Data supplied:

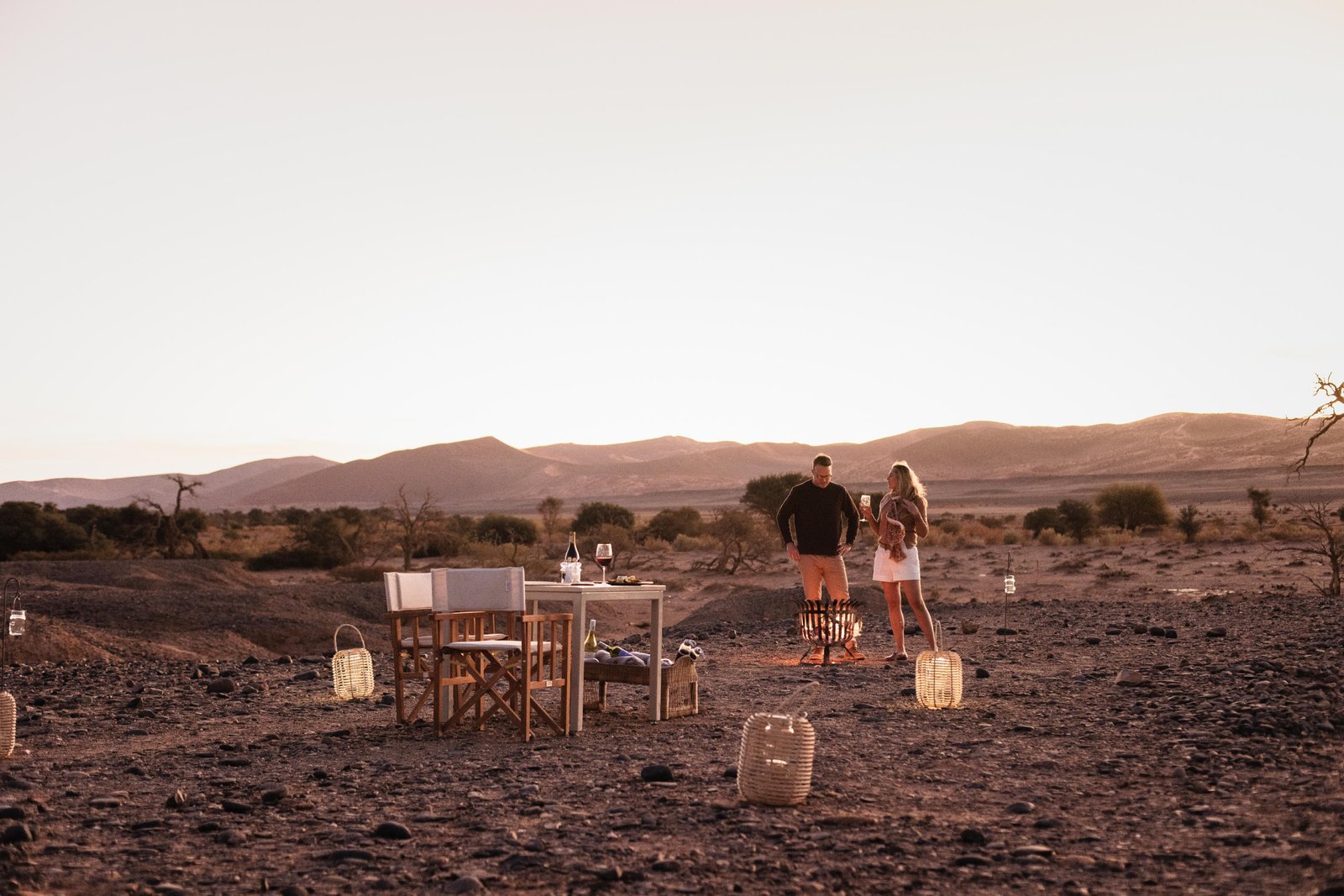 Sundowner-Spot mit gedecktem Tisch und Felskulisse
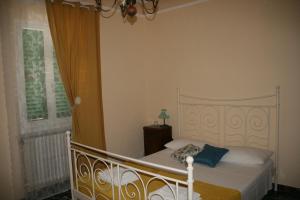 モンテマルチャーノにあるLa Casa di GiuSyのベッドルーム(ベッド1台、窓付)
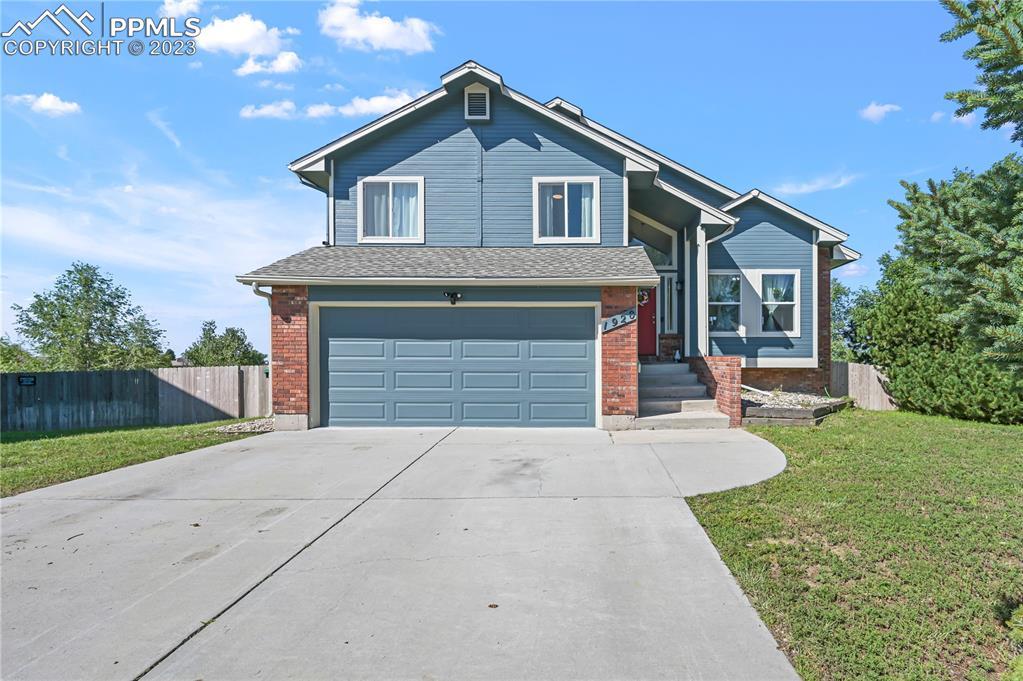 1920 Ambleside Dr., Colorado Springs, CO 80915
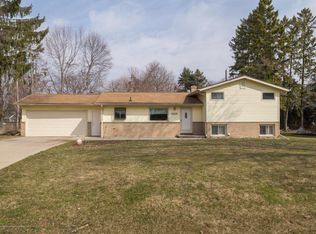 3524 Aragon Dr, Lansing, MI 48906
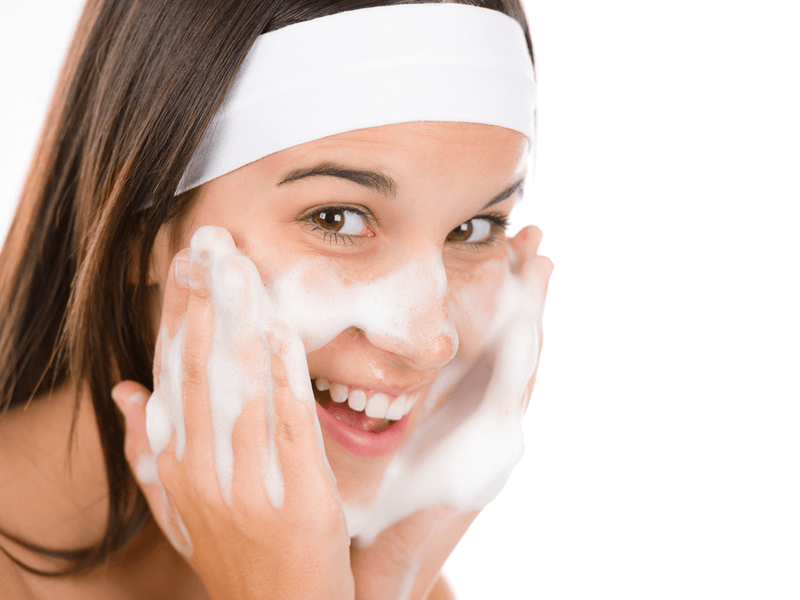 ニキビ肌からさよならできる！正しい洗顔方法とNGポイント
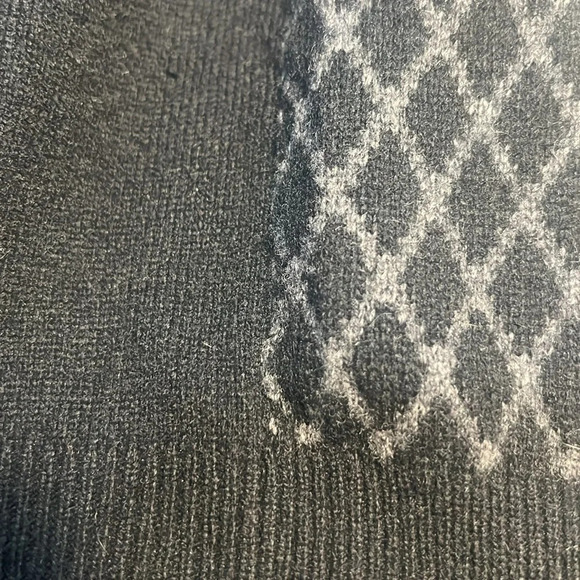 Jos. A. Bank Sz M Black & Gray Diamond Jacquard Pattern V-Neck Sweater Wool - Picture 14 of 16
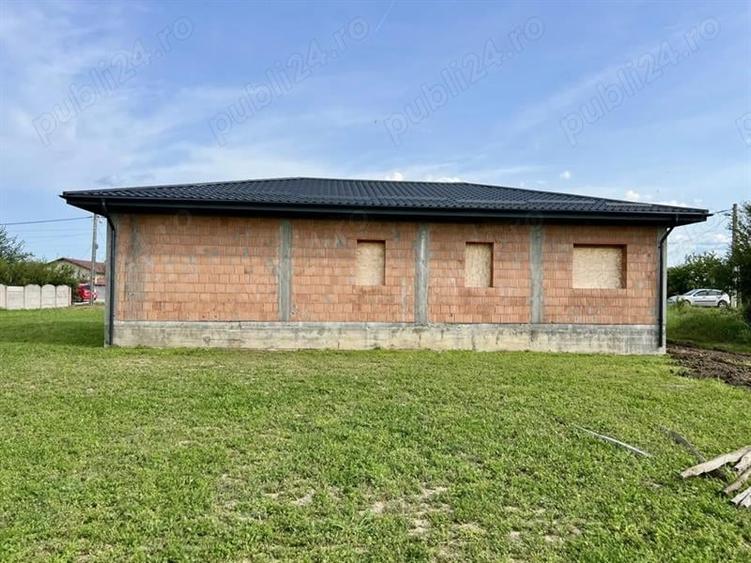 Casă individuală cu 4 camere cu Teren 1800 Mp în Milești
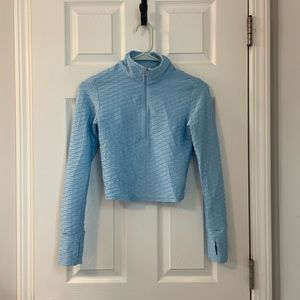 Buffbunny cropped half zip size small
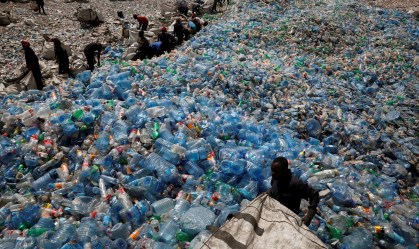 Estudo diz que há 14 milhões de toneladas de microplásticos no fundo do mar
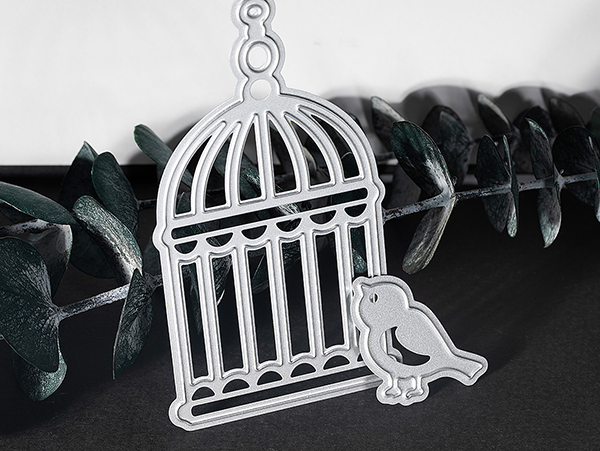 为什么金属工艺礼品比树脂或塑料制品更具收藏与传承价值？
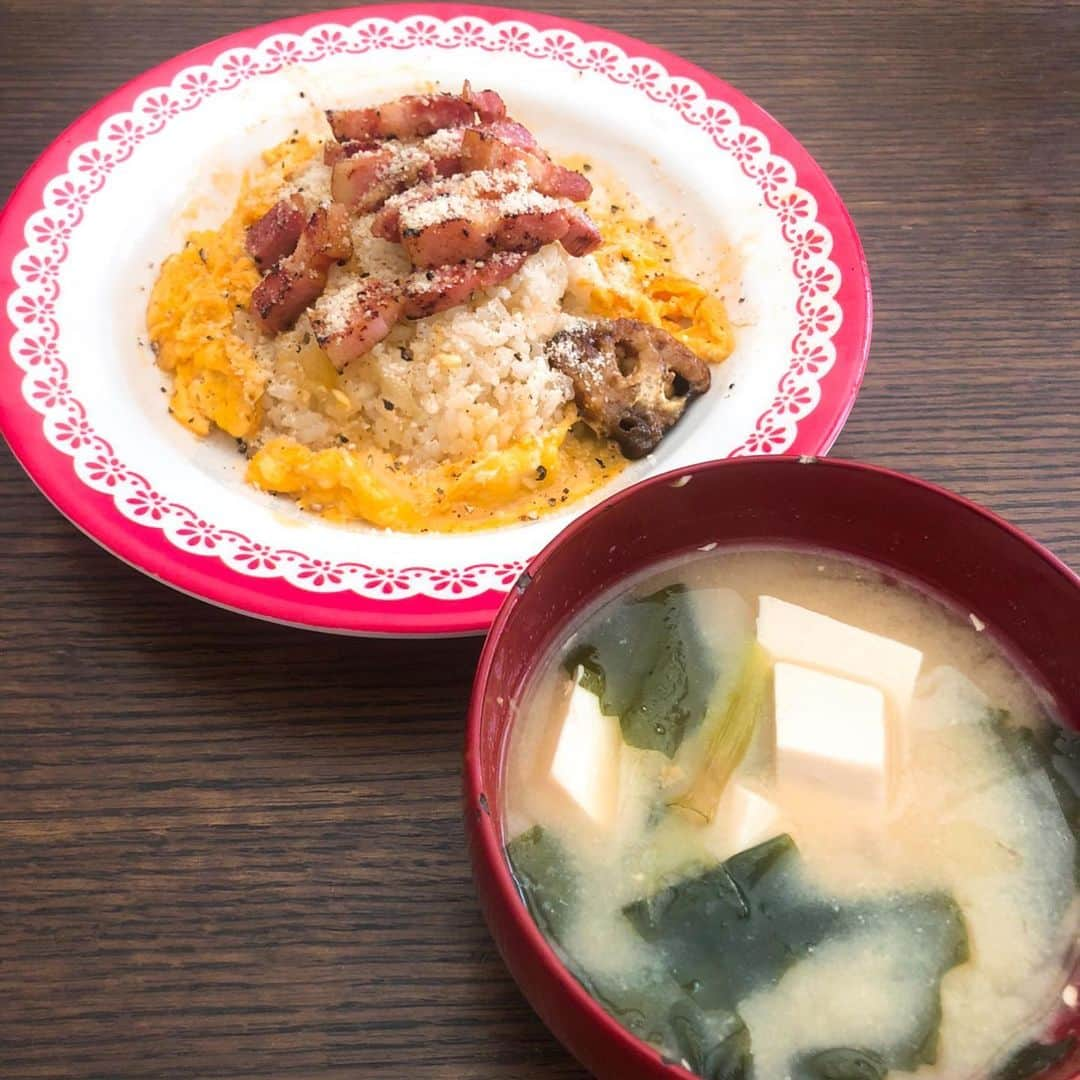 奥山佳恵さんのインスタグラム写真 - (奥山佳恵Instagram)「・ 朝ごはん、晩ごはんは 私のおなかが空いてなくても 家族のみんなに合わせて作る  だからお昼ごはんだけは 私のタイミングで！ 私の好きなものを！ 思いきり食べるー！  はじめて作った #山本ゆり さん #レシピ とろとろ卵の鉄板カルボナーラ炒飯 #syunkonカフェごはん 7  鉄板のスキレットじゃなく フライパンでだけど おいしかったー！！ カルボ好きには たまらーん！  飲むよーに食べた。 目の前にあったの、 一瞬だけだったわ！  お昼は私だけのもの と思って作りながら こんなにおいしいと ああこれみんなにも作りたいと思う  そんな私は #お母さん  手前にある ちっこいレンコンは 朝ごはんの残りもの。 こちらも山本ゆりさんの  やみつき甘辛マヨれんこん  ゆりさん、 #朝も昼も夜も お世話になっています！ ありがとう！！  写真２枚目も 朝ごはんの残りの #お味噌汁  #和も洋も中も  レシピや献立を 考えられるひとを 心から尊敬してやまない。  #ランチ #ひとりランチ #カルボナーラ #大好き ・」1月19日 13時54分 - okuyama_yoshie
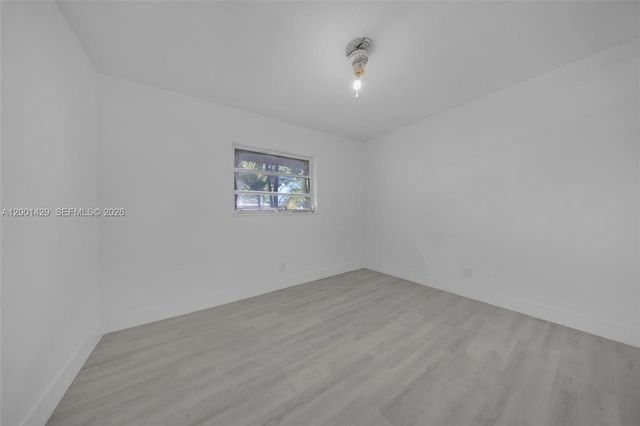 1320 NW 72nd Avenue, Plantation, FL 33313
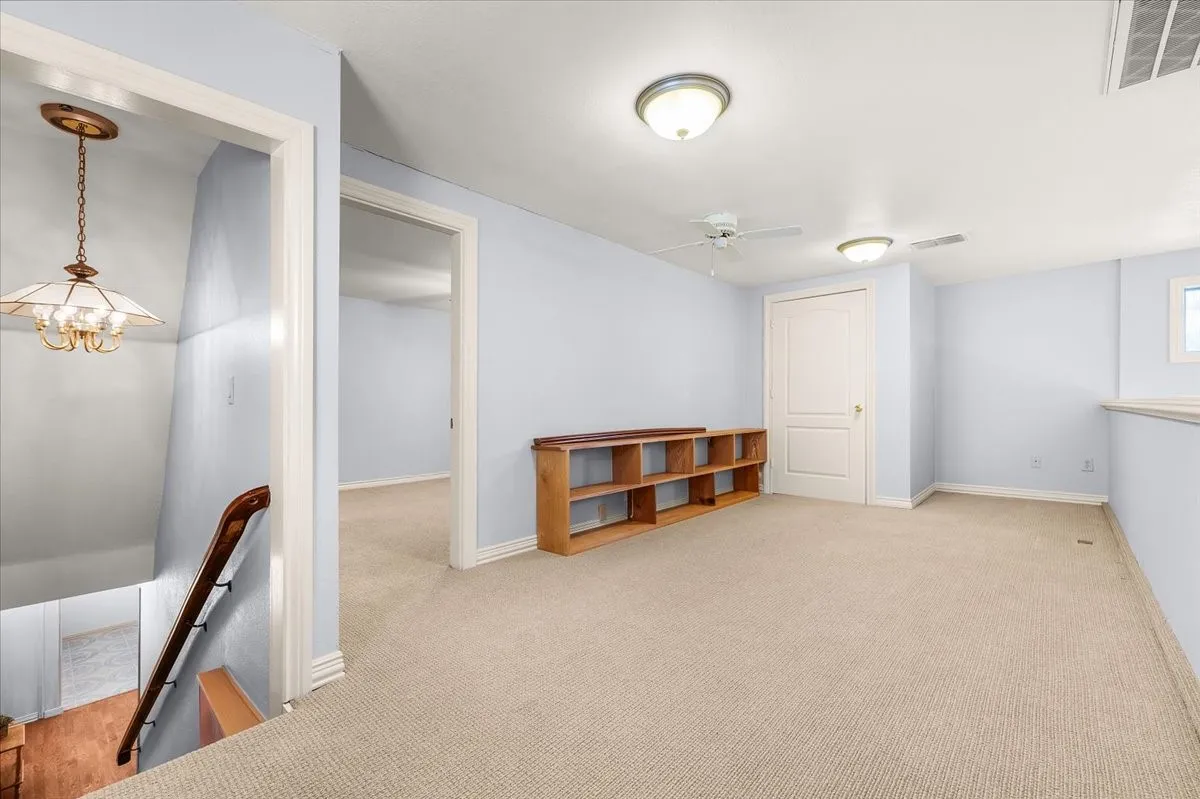 Single Family Residence For Sale in Tarrant County , 8248 Meadowbrook Drive, Fort Worth, Texas 76120, 5 Bedroom, 6 Bathroom, 3 Garage spaces, 5,582 Sqft, built in 1956, mls#21312290, Real Estate Agent in Fort Worth, Homes For Sale in Tarrant county, Homes For Sale in Fort Worth, Realtor in Fort Worth Texas, Real Estate Brokerage Independent Realty Texas, Luminita Cordes Realtor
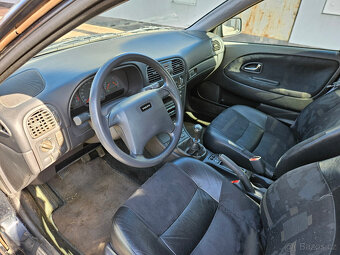 Volvo V40 Combi 1,8i Benzín, 90KW - 8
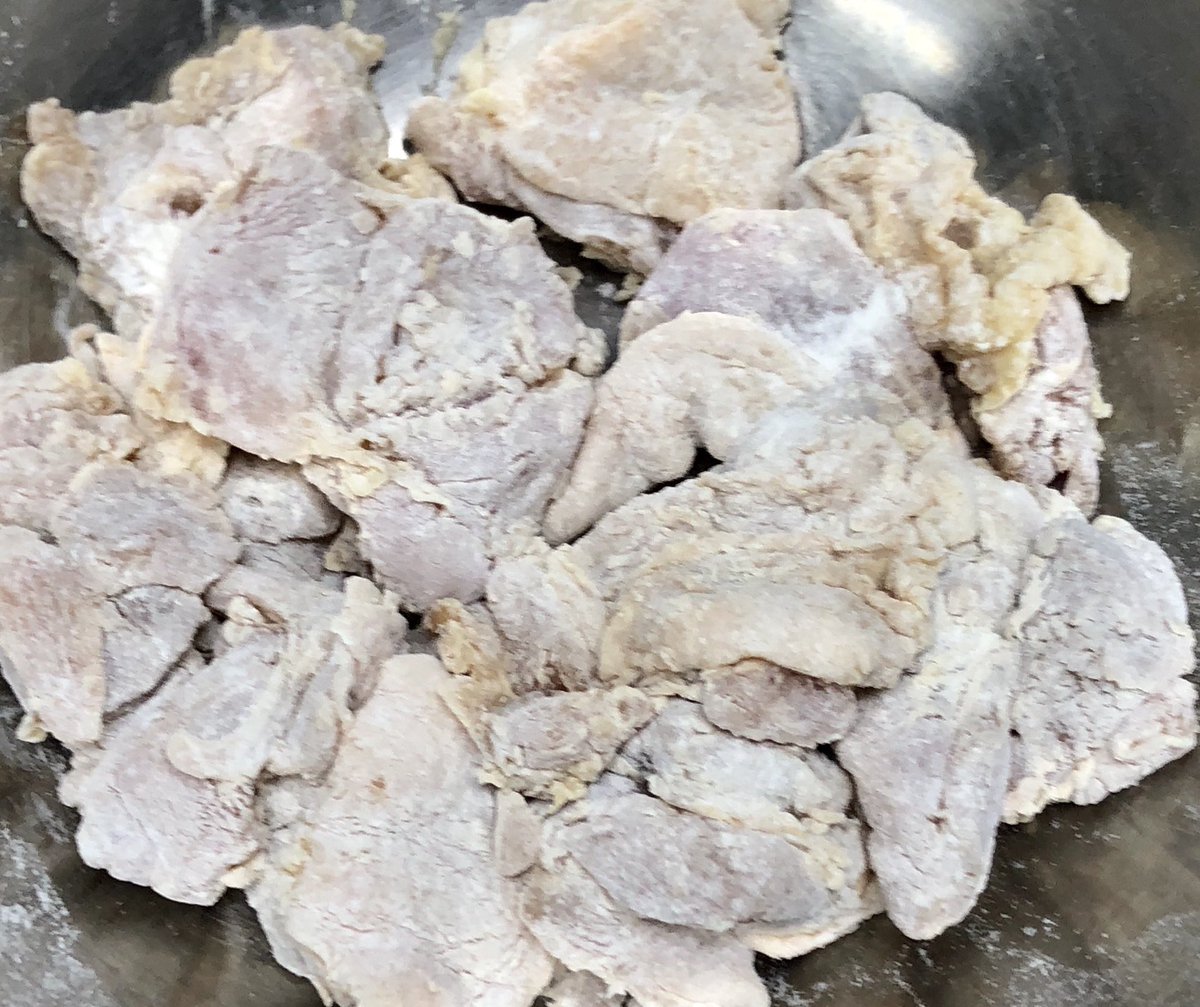HG7654321's tweet photo. 時間が経ってもカリッとした唐揚げを作りたい人は下記の３つを試してください。

①粉をまぶす前に余分な水分を落とす
②粉をまぶしたら速攻で揚げる
③片栗粉を使う

これさえ守ればカリカリの美味しい唐揚げが作れます。 https://t.co/IcWGU41Hzt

Work request: Once the pictures are set aside, restate the remaining data above exactly.

Output of the exercise:
 Sundowner-Spot mit gedecktem Tisch und Felskulisse
 モンテマルチャーノにあるLa Casa di GiuSyのベッドルーム(ベッド1台、窓付)
 1920 Ambleside Dr., Colorado Springs, CO 80915
 3524 Aragon Dr, Lansing, MI 48906
 ニキビ肌からさよならできる！正しい洗顔方法とNGポイント
 Jos. A. Bank Sz M Black & Gray Diamond Jacquard Pattern V-Neck Sweater Wool - Picture 14 of 16
 Casă individuală cu 4 camere cu Teren 1800 Mp în Milești
 Buffbunny cropped half zip size small
 Estudo diz que há 14 milhões de toneladas de microplásticos no fundo do mar
 为什么金属工艺礼品比树脂或塑料制品更具收藏与传承价值？
 奥山佳恵さんのインスタグラム写真 - (奥山佳恵Instagram)「・ 朝ごはん、晩ごはんは 私のおなかが空いてなくても 家族のみんなに合わせて作る  だからお昼ごはんだけは 私のタイミングで！ 私の好きなものを！ 思いきり食べるー！  はじめて作った #山本ゆり さん #レシピ とろとろ卵の鉄板カルボナーラ炒飯 #syunkonカフェごはん 7  鉄板のスキレットじゃなく フライパンでだけど おいしかったー！！ カルボ好きには たまらーん！  飲むよーに食べた。 目の前にあったの、 一瞬だけだったわ！  お昼は私だけのもの と思って作りながら こんなにおいしいと ああこれみんなにも作りたいと思う  そんな私は #お母さん  手前にある ちっこいレンコンは 朝ごはんの残りもの。 こちらも山本ゆりさんの  やみつき甘辛マヨれんこん  ゆりさん、 #朝も昼も夜も お世話になっています！ ありがとう！！  写真２枚目も 朝ごはんの残りの #お味噌汁  #和も洋も中も  レシピや献立を 考えられるひとを 心から尊敬してやまない。  #ランチ #ひとりランチ #カルボナーラ #大好き ・」1月19日 13時54分 - okuyama_yoshie
 1320 NW 72nd Avenue, Plantation, FL 33313
 Single Family Residence For Sale in Tarrant County , 8248 Meadowbrook Drive, Fort Worth, Texas 76120, 5 Bedroom, 6 Bathroom, 3 Garage spaces, 5,582 Sqft, built in 1956, mls#21312290, Real Estate Agent in Fort Worth, Homes For Sale in Tarrant county, Homes For Sale in Fort Worth, Realtor in Fort Worth Texas, Real Estate Brokerage Independent Realty Texas, Luminita Cordes Realtor
 Volvo V40 Combi 1,8i Benzín, 90KW - 8
HG7654321's tweet photo. 時間が経ってもカリッとした唐揚げを作りたい人は下記の３つを試してください。

①粉をまぶす前に余分な水分を落とす
②粉をまぶしたら速攻で揚げる
③片栗粉を使う

これさえ守ればカリカリの美味しい唐揚げが作れます。 https://t.co/IcWGU41Hzt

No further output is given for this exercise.